Supplementary Materials
Data Availability Statement
All reported data within this study are available via database or by request. Coding DNA sequences for the genes characterized and assessed in this study are provided as FASTA sequences within the Supplementary Information document, and are deposited in the National Center for Biotechnology Information (NCBI) GenBank database with the following accessions: GsOMT1 (MT512039), GsNMT (MT512040), GsNMTt (MT512041), GsCYP75A109 (MT512042), GsOMT2 (MT512043), GsOMT3 (MT512044), GsCYP75A110 (MT512045), GsOMT4 (MT512046), GsCYP71FB1 (MT512047), GsTyDC/DDC (MT512048), GsPAL (MT512049), GsCCR (MT512050), GsAER (MT512051), Gs4CL (MT512052), GsC4H (MT512053), GsDAHPS (MT512054), Δ24-CjNCS (MT512055), Δ29-CjNCS (MT512056).

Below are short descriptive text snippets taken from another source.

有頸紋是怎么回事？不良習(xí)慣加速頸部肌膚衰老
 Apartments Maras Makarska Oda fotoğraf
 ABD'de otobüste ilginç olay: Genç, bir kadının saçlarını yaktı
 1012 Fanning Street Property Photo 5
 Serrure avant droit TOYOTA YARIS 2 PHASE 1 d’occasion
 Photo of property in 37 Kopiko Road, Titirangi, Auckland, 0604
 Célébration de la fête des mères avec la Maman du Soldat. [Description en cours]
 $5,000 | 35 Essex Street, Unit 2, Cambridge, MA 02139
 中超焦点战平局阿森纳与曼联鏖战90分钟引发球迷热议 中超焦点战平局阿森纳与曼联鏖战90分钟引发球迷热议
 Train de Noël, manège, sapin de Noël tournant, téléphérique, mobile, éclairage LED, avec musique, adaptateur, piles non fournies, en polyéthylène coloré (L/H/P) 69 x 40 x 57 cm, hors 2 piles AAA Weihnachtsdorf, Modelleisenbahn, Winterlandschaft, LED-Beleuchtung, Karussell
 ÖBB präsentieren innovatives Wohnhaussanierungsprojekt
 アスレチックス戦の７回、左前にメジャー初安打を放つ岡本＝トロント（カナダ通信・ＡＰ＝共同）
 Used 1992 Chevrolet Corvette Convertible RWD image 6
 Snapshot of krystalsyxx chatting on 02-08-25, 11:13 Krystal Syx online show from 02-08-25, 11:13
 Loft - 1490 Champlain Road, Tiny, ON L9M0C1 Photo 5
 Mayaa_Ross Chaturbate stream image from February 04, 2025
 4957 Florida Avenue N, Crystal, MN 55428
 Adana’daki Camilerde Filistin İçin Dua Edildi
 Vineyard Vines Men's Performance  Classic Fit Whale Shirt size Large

Raw reads from RNA-seq profiling of G. superba are deposited in the NCBI Sequence Read Archive (SRA) database under the BioProject accession PRJNA634925. The corresponding Transcriptome Shotgun Assembly (TSA) project has been deposited at DDBJ/EMBL/GenBank under the accession GIOZ00000000. The version described in this paper is the first version, GIOZ01000000. Gene constructs described in this manuscript will be made available upon request. Synthetic substrates and purified compounds will be made available upon request, as possible. Select data sets that were critical to the conclusions of this study are provided with the online version of this manuscript.